Big data on a bigger scale
Zaxby’s, a chain of nearly 600 chicken restaurants, is big on LTOs. A recent special, a banana pudding milkshake, was scheduled to disappear, but a look at sales data convinced the company to put it on the menu full-time. “Analyzing the sales results helps us make good business decisions,” says Frank Knight, senior director of information technology. When chicken wing prices went through the roof last year, Zaxby’s was able to respond by promoting other products. Once again, the prompt for this move came from big data.
Zaxby’s uses two different POS systems. Most locations use Micros and a few use POSitouch. Data from those systems is fed into Cognos, a business intelligence package from IBM. Cognos can analyze data and generate detailed sales, food cost, labor cost and financial reports. Zaxby’s employs a financial analyst who works with the program and shares performance reports with top-level management. It’s that big data information that leads to decisions like the one to place the hot-selling banana pudding milkshake on the permanent menu.
At the regional and store level, Zaxby’s managers have access to mymicros.net, an analytics component available with Micros POS. This online business intelligence tool consolidates financial information. “District managers have the ability to set up their own reports.

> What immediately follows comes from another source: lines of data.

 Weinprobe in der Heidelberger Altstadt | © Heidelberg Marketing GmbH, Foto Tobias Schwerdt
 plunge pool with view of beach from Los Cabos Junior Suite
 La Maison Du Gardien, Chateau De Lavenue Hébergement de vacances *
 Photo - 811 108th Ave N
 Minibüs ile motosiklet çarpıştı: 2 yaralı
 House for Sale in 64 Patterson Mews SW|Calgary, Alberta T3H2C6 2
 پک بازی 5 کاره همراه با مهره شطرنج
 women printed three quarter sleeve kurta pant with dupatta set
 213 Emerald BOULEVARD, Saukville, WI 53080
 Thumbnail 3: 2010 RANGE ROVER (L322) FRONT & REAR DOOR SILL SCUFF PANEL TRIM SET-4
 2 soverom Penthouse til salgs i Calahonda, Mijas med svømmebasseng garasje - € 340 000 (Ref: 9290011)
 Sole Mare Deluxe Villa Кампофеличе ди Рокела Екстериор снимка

They may be focused on labor one month and food costs the next month. They can use reporting as their needs change,” says Knight.
Though mymicros.net can make data available within 15 minutes of it being generated, Knight sees managers using it more to analyze larger time periods, such as weekly sales. “We have district managers who get up first thing in the morning and see how stores did the prior day from a cost, sales and labor standpoint,” he says. It helps them quickly spot and fix problems on the store level. For example, if sales are slow at a certain time of day, but labor costs are high, it could lead a district manager to work with a store manager on refining schedules in order to find a better balance.
Smaller operators may not need a package as powerful as Cognos, or be able to employ a full-time financial analyst, but that doesn’t mean big data is out of reach. “Know your size. Know who you are,” says Chuck Ellis, president of restaurant market research company Restaurant Sciences. “If you’re a mom-and-pop, you’re not going to go out there and try to find an enterprise-class solution. Do what makes you comfortable.”